(Collected data entries)

—————

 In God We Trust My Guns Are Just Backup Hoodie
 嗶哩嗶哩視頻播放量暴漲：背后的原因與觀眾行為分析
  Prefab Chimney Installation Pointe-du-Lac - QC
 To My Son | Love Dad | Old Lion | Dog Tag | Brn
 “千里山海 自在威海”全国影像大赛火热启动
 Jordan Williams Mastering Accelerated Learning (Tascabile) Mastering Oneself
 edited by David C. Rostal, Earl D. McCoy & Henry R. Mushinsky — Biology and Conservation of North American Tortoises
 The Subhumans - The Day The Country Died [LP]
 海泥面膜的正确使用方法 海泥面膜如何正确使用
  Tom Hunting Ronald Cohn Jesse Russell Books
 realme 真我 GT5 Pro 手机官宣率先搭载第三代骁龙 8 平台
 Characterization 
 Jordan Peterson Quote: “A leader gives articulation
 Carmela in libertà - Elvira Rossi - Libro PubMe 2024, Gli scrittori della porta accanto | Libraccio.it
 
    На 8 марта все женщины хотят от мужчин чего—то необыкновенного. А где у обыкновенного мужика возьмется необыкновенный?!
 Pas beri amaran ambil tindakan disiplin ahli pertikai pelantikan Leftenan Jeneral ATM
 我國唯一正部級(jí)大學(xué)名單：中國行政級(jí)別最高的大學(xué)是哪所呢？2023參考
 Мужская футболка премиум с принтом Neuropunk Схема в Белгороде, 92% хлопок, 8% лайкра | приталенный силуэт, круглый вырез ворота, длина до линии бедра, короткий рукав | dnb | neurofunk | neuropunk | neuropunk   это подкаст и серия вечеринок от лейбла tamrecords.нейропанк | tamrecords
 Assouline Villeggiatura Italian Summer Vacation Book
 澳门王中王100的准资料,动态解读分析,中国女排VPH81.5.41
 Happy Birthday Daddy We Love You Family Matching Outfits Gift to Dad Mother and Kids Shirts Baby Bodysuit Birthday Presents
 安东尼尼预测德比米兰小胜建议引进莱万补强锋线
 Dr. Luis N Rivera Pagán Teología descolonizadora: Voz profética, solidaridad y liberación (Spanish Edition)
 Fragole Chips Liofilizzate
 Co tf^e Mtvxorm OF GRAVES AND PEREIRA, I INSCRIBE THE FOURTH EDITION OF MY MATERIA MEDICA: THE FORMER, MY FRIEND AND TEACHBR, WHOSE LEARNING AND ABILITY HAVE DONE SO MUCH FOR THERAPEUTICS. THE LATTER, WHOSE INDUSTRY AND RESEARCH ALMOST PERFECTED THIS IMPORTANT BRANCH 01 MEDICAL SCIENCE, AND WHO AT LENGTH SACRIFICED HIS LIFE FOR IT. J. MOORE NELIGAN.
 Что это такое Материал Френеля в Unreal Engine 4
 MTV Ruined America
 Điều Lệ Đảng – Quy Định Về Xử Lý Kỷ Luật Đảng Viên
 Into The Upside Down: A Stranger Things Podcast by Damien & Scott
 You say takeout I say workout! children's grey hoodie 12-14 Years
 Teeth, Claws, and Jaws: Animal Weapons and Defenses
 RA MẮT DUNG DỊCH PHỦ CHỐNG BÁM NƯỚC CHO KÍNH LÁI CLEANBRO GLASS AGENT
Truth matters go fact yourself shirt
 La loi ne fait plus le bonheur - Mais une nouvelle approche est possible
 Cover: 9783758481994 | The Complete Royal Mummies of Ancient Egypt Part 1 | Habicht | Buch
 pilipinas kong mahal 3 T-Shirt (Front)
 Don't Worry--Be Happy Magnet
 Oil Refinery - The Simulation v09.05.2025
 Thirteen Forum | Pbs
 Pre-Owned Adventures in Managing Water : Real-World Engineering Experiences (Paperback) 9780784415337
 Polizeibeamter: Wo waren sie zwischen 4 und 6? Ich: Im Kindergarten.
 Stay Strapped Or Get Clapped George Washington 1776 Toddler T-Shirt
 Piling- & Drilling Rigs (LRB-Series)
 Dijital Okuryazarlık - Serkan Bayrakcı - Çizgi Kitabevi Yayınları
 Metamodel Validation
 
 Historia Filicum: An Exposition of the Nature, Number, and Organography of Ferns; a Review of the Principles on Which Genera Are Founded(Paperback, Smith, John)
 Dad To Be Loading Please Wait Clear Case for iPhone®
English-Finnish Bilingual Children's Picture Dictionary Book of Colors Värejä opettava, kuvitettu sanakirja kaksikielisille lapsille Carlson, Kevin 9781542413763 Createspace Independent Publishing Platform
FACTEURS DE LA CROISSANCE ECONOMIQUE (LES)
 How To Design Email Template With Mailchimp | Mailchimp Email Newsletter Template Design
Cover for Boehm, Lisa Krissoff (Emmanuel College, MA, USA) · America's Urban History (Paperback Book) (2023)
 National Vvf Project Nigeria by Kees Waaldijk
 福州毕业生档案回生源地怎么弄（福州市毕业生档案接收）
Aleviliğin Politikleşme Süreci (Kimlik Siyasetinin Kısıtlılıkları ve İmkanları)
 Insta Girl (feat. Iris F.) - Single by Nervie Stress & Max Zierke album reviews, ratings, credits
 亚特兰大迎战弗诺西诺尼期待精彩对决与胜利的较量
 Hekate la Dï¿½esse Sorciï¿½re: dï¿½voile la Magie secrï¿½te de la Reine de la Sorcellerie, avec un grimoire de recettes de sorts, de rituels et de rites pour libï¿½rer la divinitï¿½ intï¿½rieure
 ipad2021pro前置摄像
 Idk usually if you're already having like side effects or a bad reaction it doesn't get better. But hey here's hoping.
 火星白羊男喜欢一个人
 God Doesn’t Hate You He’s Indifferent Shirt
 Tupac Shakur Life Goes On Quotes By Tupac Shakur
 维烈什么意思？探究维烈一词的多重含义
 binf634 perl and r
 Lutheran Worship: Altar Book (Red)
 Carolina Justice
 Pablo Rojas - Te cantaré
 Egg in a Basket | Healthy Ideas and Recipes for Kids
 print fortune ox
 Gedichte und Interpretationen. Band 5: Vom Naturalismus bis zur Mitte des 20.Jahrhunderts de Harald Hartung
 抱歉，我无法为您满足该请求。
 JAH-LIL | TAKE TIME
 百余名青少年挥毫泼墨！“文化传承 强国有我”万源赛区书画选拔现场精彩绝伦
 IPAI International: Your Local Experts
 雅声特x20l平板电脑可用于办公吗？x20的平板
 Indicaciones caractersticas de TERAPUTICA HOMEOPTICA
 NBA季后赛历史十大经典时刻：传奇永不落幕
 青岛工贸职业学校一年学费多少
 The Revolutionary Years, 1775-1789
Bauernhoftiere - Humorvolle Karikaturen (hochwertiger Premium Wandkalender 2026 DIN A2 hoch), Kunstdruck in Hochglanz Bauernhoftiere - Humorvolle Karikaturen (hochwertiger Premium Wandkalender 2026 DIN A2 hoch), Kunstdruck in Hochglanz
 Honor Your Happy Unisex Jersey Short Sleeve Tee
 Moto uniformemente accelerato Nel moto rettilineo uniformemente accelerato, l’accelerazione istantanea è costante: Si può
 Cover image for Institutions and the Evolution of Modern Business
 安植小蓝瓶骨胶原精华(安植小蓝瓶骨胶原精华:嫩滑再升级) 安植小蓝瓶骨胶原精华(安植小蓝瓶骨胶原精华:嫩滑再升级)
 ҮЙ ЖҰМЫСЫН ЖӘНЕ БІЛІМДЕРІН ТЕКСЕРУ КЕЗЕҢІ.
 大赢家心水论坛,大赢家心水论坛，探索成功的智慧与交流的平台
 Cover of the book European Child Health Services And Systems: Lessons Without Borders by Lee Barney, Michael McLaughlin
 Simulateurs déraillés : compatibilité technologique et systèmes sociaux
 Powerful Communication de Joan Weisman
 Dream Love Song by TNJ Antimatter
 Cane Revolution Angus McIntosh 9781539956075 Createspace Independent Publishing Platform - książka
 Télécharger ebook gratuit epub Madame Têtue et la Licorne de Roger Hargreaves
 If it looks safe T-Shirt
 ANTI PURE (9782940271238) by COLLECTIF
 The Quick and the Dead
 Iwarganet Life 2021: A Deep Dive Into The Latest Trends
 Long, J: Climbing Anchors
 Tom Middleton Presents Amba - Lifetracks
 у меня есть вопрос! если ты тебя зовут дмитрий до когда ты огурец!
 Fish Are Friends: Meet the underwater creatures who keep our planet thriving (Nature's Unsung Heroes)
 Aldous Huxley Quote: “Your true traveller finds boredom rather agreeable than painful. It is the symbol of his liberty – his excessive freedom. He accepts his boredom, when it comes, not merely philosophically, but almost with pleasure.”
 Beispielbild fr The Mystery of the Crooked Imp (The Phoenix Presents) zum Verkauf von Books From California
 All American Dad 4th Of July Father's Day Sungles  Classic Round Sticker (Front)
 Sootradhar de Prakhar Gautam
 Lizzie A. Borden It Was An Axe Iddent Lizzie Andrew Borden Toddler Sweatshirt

—————

Try it:
The reply should consist solely of the lines of the data, exact, from the opening line through the line with "我國唯一正部級(jí)大學(xué)名單", inclusive.

Exercise response:
 In God We Trust My Guns Are Just Backup Hoodie
 嗶哩嗶哩視頻播放量暴漲：背后的原因與觀眾行為分析
  Prefab Chimney Installation Pointe-du-Lac - QC
 To My Son | Love Dad | Old Lion | Dog Tag | Brn
 “千里山海 自在威海”全国影像大赛火热启动
 Jordan Williams Mastering Accelerated Learning (Tascabile) Mastering Oneself
 edited by David C. Rostal, Earl D. McCoy & Henry R. Mushinsky — Biology and Conservation of North American Tortoises
 The Subhumans - The Day The Country Died [LP]
 海泥面膜的正确使用方法 海泥面膜如何正确使用
  Tom Hunting Ronald Cohn Jesse Russell Books
 realme 真我 GT5 Pro 手机官宣率先搭载第三代骁龙 8 平台
 Characterization 
 Jordan Peterson Quote: “A leader gives articulation
 Carmela in libertà - Elvira Rossi - Libro PubMe 2024, Gli scrittori della porta accanto | Libraccio.it
 
    На 8 марта все женщины хотят от мужчин чего—то необыкновенного. А где у обыкновенного мужика возьмется необыкновенный?!
 Pas beri amaran ambil tindakan disiplin ahli pertikai pelantikan Leftenan Jeneral ATM
 我國唯一正部級(jí)大學(xué)名單：中國行政級(jí)別最高的大學(xué)是哪所呢？2023參考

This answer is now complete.